A Assembleia Municipal de Cascais aprovou, em 6 de Dezembro de 1993, o Plano de Pormenor da Galiza, no município de Cascais.

Foi realizado o inquérito público nos termos previstos no artigo 14.º do Decreto-Lei n.º 69/90, de 2 de Março, e emitidos os pareceres a que se refere o artigo 13.º do mesmo diploma legal.

Verifica-se a conformidade do Plano de Pormenor com as disposições legais e regulamentares em vigor, bem como a sua articulação com os demais planos municipais eficazes e com outros planos, programas e projectos de interesse para o município ou supramunicipal, nos termos previstos no n.º 2 do artigo 16.º do Decreto-Lei n.º 69/90, de 2 de Março.

Assim, ao abrigo do n.º 4 do artigo 3.º do Decreto-Lei n.º 69/90, de 2 de Março, com as alterações introduzidas pelo Decreto-Lei n.º 211/92, de 8 de Outubro, e no uso da delegação de competências conferida pelo Despacho n.º 48/96, do Ministro do Equipamento, do Planeamento e da Administração do Território, publicado no Diário da República, 2.ª série, n.º 69, de 21 de Março de 1996:

Manda o Governo, pelo Secretário de Estado da Administração Local e Ordenamento do Território, que seja ratificado o Plano de Pormenor da Galiza, no município de Cascais, cujos regulamento e planta de síntese se publicam em anexo à presente portaria e que dela fazem parte integrante.

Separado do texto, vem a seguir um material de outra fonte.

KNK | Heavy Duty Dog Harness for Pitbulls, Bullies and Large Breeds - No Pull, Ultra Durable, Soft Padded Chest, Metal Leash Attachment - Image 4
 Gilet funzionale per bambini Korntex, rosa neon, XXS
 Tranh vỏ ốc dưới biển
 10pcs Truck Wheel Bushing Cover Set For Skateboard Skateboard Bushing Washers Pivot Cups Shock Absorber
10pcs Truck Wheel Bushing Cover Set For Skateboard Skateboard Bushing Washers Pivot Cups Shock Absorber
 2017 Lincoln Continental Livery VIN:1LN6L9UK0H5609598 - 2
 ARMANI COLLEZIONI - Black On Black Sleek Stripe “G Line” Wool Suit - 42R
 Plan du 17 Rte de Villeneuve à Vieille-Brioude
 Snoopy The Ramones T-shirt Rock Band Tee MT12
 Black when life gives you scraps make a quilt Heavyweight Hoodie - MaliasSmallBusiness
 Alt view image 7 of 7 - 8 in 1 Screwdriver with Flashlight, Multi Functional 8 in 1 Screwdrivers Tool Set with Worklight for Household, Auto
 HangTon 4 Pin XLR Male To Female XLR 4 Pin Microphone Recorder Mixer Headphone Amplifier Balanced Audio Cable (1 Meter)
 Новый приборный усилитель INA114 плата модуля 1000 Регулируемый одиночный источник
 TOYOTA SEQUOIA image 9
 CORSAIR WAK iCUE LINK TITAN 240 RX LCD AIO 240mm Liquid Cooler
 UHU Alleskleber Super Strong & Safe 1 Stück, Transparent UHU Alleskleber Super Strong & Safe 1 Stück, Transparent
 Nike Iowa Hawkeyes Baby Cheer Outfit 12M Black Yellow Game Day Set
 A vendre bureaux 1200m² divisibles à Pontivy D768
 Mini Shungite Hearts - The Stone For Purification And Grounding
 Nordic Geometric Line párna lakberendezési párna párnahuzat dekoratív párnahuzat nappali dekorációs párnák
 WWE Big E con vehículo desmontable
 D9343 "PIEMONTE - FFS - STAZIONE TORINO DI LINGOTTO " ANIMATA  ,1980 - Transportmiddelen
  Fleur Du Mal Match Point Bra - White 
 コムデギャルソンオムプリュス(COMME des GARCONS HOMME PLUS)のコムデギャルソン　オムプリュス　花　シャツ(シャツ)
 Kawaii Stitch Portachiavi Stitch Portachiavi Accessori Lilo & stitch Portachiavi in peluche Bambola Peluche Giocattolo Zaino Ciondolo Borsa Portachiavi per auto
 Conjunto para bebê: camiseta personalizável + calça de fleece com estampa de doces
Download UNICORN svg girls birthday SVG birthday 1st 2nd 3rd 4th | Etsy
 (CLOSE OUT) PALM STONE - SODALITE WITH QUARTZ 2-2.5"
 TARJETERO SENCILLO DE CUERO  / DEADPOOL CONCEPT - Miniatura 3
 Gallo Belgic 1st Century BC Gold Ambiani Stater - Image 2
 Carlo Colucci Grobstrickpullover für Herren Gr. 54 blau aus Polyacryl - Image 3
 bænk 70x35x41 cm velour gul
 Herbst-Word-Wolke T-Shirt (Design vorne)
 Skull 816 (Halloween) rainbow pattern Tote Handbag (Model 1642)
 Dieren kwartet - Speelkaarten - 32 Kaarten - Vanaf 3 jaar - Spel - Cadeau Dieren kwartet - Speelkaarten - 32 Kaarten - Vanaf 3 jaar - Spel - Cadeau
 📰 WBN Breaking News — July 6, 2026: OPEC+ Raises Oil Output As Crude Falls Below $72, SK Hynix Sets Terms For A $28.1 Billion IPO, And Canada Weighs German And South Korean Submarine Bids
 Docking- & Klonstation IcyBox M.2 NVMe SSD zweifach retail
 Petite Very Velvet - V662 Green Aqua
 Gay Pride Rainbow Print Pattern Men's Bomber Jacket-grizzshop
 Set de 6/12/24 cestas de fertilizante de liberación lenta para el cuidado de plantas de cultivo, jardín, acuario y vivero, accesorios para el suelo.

Ministério do Equipamento, do Planeamento e da Administração do Território.

Assinada em 13 de Janeiro de 1997.

O Secretário de Estado da Administração Local e Ordenamento do Território, José Augusto de Carvalho.

REGULAMENTO

Cada unidade de habitação desenvolver-se-á com cércea de 4 pisos.

O número de fogos previsto será de 9 ou 12 para o lote n.º 1 e de 7, 6 ou 8 para o lote n.º 2, conforme posterior desenvolvimento dos projectos de arquitectura.

Todos os outros lotes se desenvolverão com 8 fogos por lote.

A tipologia prevista é de T2 e T3 para os lotes n.os 1 e 2 e aproveitamentos em T2 para os restantes lotes.

Em cada lote deverá prever-se, em cave, o estacionamento privativo de um carro por fogo.

A cota de soleira máxima do rés-do-chão não deverá ultrapassar 1,4 m da cota do passeio.

Em tudo o mais deverá cumprir-se o Regulamento Geral das Edificações Urbanas.